If one of your so-called friends is actually a spammer, you've just given him the email addresses of nineteen other people. He can add those to his lists and send spam messages to all of them. Even worse, these are very valuable email addresses, as they are confirmed and known to be good. They can actually be sold to some spammers for a fair amount of money!

Okay, let's say your friends are all fine, upstanding people who do not spam. You have still put all twenty people in danger. How? Email is not private by any means. In fact, your message will wind up on at least a couple of machines by the time you read it, and might actually find it way to thousands of them! 

Don't believe me? I worked as a consultant for a company several years ago. One day one of my fellow co-workers called me over to his system and asked me to look at something, a wide grin on his face. He had been working on our clients email system to fix a problem and accidentally listed out the email message file. He showed me a series of several hundred very explicit emails that two employees had been sending to each other for months! These two people would have been very embarrassed, I am sure, if they ever found out that we read every detail of their love affair - it was extremely x-rated in places!

So you see, your email may actually be read by anyone at any of those systems at any time! Thus, by including all of the addresses in the "cc" field, you can easily give away them away to spammers.

Now, here is the dangerous part. What if it's not a spammer who gets this message, but someone dangerous? There are many people on the internet (as in the real world) who are not so nice. Someone could send threatening messages to your friends. They could pretend they were you, or they could forward your message to other unscrupulous people.

Okay, that's the problem. Yet you want to send your message to several people! How do you do so without compromising the privacy of everyone else?

That's easy. You see, your email program has a special capability called Blind Carbon Copy (bcc for short). This allows you to enter the email addresses of anyone you want, without sending all of the addresses to everyone else on the list.
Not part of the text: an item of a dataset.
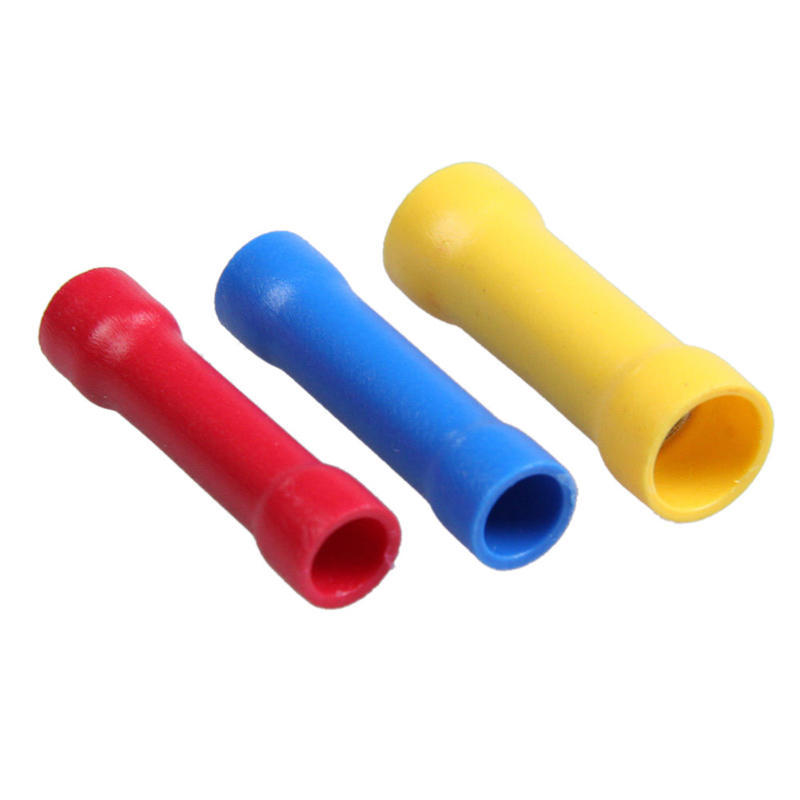 100Pcs Insulated Terminal Butt Connector Electrical Automotive Cable Wire Crimp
It's basically a way to send a copy to someone without telling anyone else that you did it. This is commonly used in a corporate environment to send a copy to someone who needs to know without alarming the rest of the people who receive the message. For example, I might want to let the Vice President know about an issue, but I may not want everyone else to know that I clued him in (in a office, copying senior management tends to produce office politics very quickly as everyone scrambles to protect their behinds).

Sometimes email programs hide this option. To find it, just go to the help and look for "bcc" or "blind carbon copy". The help will tell you how to turn it on. Usually there is some option to show the Bcc field directly under the Cc field.

So be considerate of other people's email addresses. It's the ethical thing to do.

Want to help spread the word? Include the following code on your website to add a cool ribbon!

The ribbon links to this article, which will allow anyone to get the information they need.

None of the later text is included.